As Shermer writes, “the eerie conjunction of these deeply evocative events gave [Jennifer] the distinct feeling that her grandfather was there and that the music was his gift of approval…I have to admit, it rocked me back on my heels…I savored the experience more than the explanation.” Feeling stupefied is the most genuine reaction one can have in a situation like this. It’s exactly what my wife and I felt when my daughter’s stuffed animal reappeared on the floor by her bed. That both these experiences took place in the wake of profound feelings and passages I take to be more than coincidental.
Furthermore, there’s good reason to suppose that non-human animals play as much a role in the empathosphere or psychesphere as human beings. As was referenced in an earlier post, all mammals are remarkably similar emotionally – we come equipped with the same fundamental neurology and physiology. The variations among us are, as Darwin posited, differences in degree rather than kind. It’s bad biology, therefore, to assume that a capability we possess another sentient creature does not.

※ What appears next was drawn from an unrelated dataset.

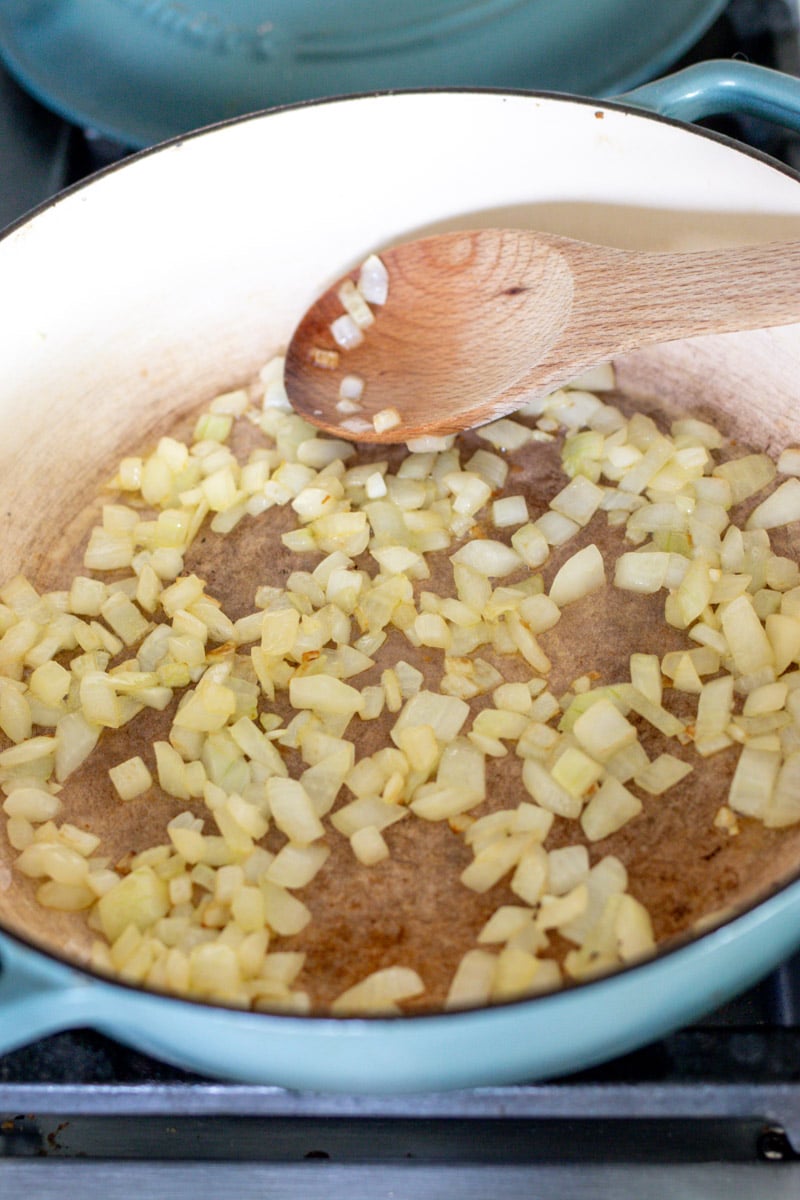 chopped onions in a blue braising pot.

In the next post of this series, I’ll look at some essential capacities we and other mammals may share, and which point, in turn, to our shared spirituality.
Dossey, Larry. Healing Beyond the Body. Boston: Shambhala, 2001.
Dossey, Larry. Reinventing Medicine. New York: HarperSanFrancisco, 1999.
Fox, Michael W., “The Nature of Compassion” in The Smile of a Dolphin, ed. Marc Bekoff. New York: Discovery Books, 2000.
Shermer, Michael. Why People Believe Weird Things. New York: W.H. Freeman and Co., 1997.